Most people are fairly comfortable with completing the Epic Description and the Business Outcomes but then start to struggle with the Leading Indicators. We will discuss Leading Indicators in Chapter 15 but for now, Leading Indicators are the metrics that demonstrate that, as we develop the Epic, it will meet the Business Outcomes. Generally, we are very good at Lagging Indicators – as in, what value the Epic will generate when completed, but that might be months and years later. As we develop the Epic, what comfort can we take to generate confidence that we will meet these outcomes?

Story from the real world

An example we often use is Tesla. When launching the Model 3 in March 2016, Tesla wanted a $1,000 refundable deposit and expression of intent. Almost half a million put down $1,000, even though it was a 2-3 year wait. This was a clear leading indicator that there was a demand for a car that was not even built!

Again, after completing the EHS, if this Epic has merit, then it will be pulled to the next stage, proving the Epic Owner has the capacity and/or the Portfolio Kanban WIP isn’t also exceeded.

Analyzing

This is where we go from a one-pager to a slide-deck presentation, and the presentation must include the following:

  1. The high-level Features of the Epic
  2. A defined MVP
  3. Solution alternatives
  4. Refined cost estimates from the EHS
  5. A Lean Business Case

Let’s have a look at these in turn.

The High-Level Features of the Epic

Break down the Epic into high-level Features based on the business objectives and user roles. Use the following guidelines to create Features:

  • Each Feature should align with one or more business objectives.
  • Each Feature should address the needs of one or more user roles.
  • Ideally, each Feature should be small enough to be delivered in a single PI or less; however, at this stage, don’t worry if the Feature is bigger than a single PI because we will have time later to refine that Feature as part of the preparation for PI Planning.

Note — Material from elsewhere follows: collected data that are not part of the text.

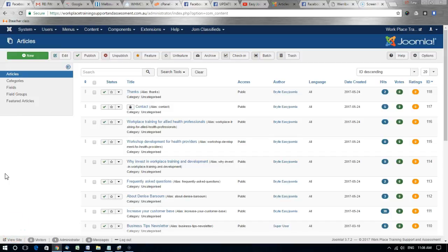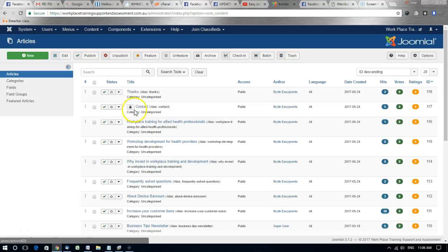When one works with Joomla at times you'll find an article or module that has been locked to a certain user. So in this example there is an article here that is locked which means that other users can't edit the article.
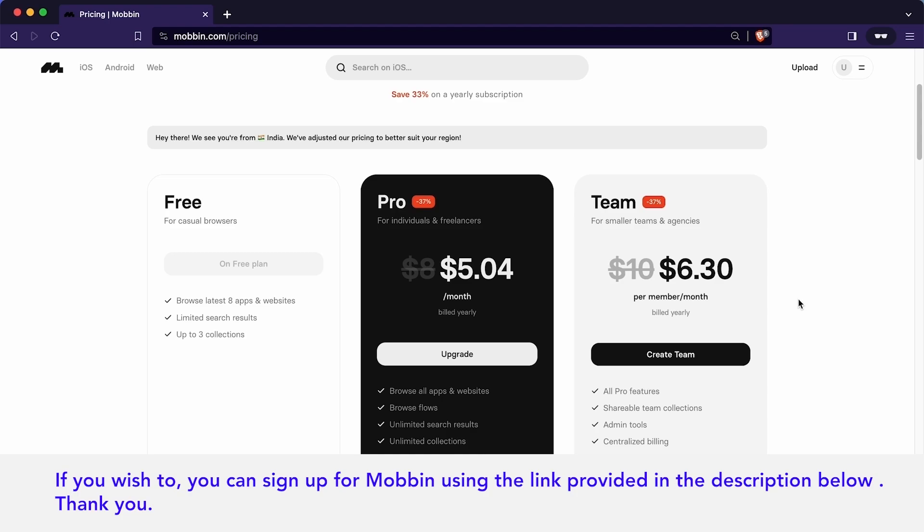The next plan is designed for team agencies and companies. It encompasses all the Pro features while introducing collaborative features, such as shareable team collections, admin tools and centralized billing. Lastly, it is important to note that while Pro plans offer enhanced features, it is by no means compulsory for using Mobbin. The platform remains accessible for casual browsing without any obligation to purchase the Pro plan. Whether you choose to explore the free option or opt for advanced plan, the decision is entirely yours based on your specific needs and preferences.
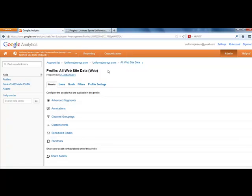So that's in a nutshell how you go through working with Google Analytics on your website. That's the first step, to install it. The next step will be to analyze and understand what you're looking at.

A Defined Minimum Viable Product (MVP)

MVP is the most misunderstood term in Agile – it is not the crappiest version that we can release to the market as soon as possible, which is a common misconception, and, as a consequence, has created an allergic reaction to MVPs.

Our preference is the definition from Eric Rees and his book Lean Start-up:

“[the] version of a new product which allows a team to collect the maximum amount of validated learning about customers with the least effort”

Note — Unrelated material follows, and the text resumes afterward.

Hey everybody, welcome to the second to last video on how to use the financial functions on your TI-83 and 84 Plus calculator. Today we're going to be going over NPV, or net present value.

In his book, Eric explains that MVPs range from extremely simple smoke tests (little more than an advertisement) to actual early prototypes, complete with problems and missing Features.

What is the minimum we can do to validate or invalidate our hypothesis– that is, our MVP?

Solution Alternatives

We also need to understand that at this early stage of the Epic, we may not have all the answers and there may be various solution alternatives; we don’t want to be forced into making point solutions too early; rather, we would prefer to preserve options and the ability to explore these options through Set-Based Design (SBD). [1]

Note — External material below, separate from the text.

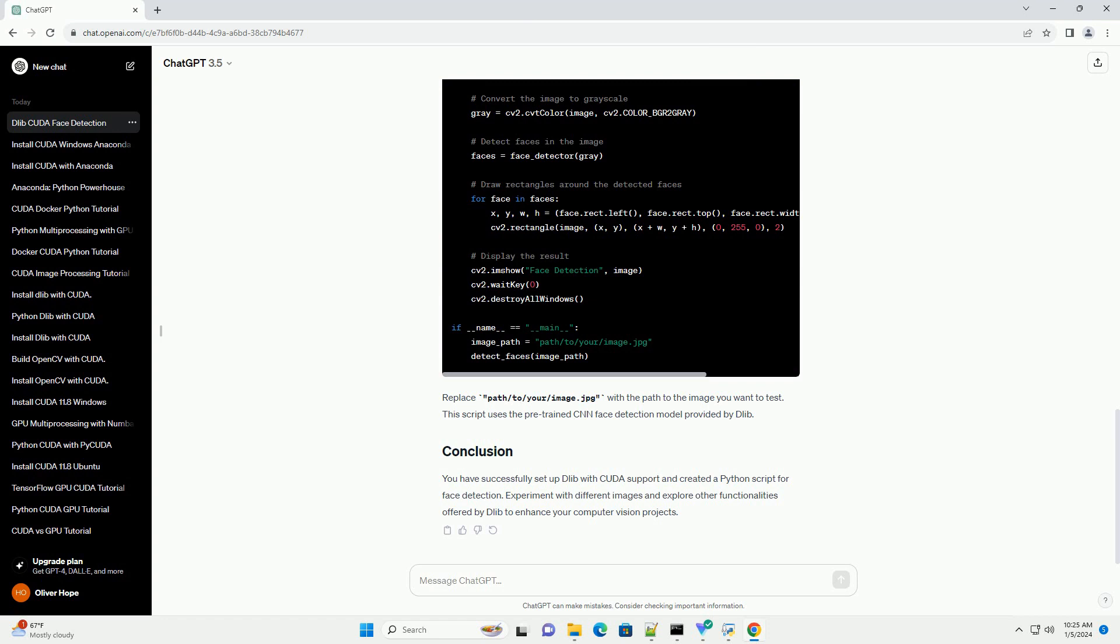You have successfully set up Dlib with CUDA support and created a Python script for face detection. Experiment with different images and explore other functionalities offered by Dlib to enhance your computer vision projects.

SBD is an approach to product or system design that emphasizes exploring multiple possible design solutions simultaneously before making a final selection. The process involves creating sets of possible design alternatives, evaluating their strengths and weaknesses, and then selecting the best alternative based on a set of predefined criteria.

The goal of SBD is to reduce the risk of making a poor design decision by exploring a broad range of potential solutions before committing to a single design. By considering multiple design alternatives simultaneously, SBD encourages designers to think creatively and explore a wider range of possibilities.

SBD is often used in complex engineering projects, where design decisions have far-reaching consequences and a high degree of certainty is required. By using this approach, designers can reduce the likelihood of costly redesigns and minimize the risk of solution failure.

This is the opposite of “just picking one.” In SBD, teams identify and simultaneously vet possible options, committing to implementing a technical solution only after testing and validating assumptions. SBD is best suited to situations with a high degree of innovation or variability involved, or problems with immovable deadlines.

Refined Cost Estimates from the EHS

You will have created an initial cost estimate in Reviewing when defining for EHS. However, having now created the high-level Features and the solution alternatives, you will need to refine these cost estimates.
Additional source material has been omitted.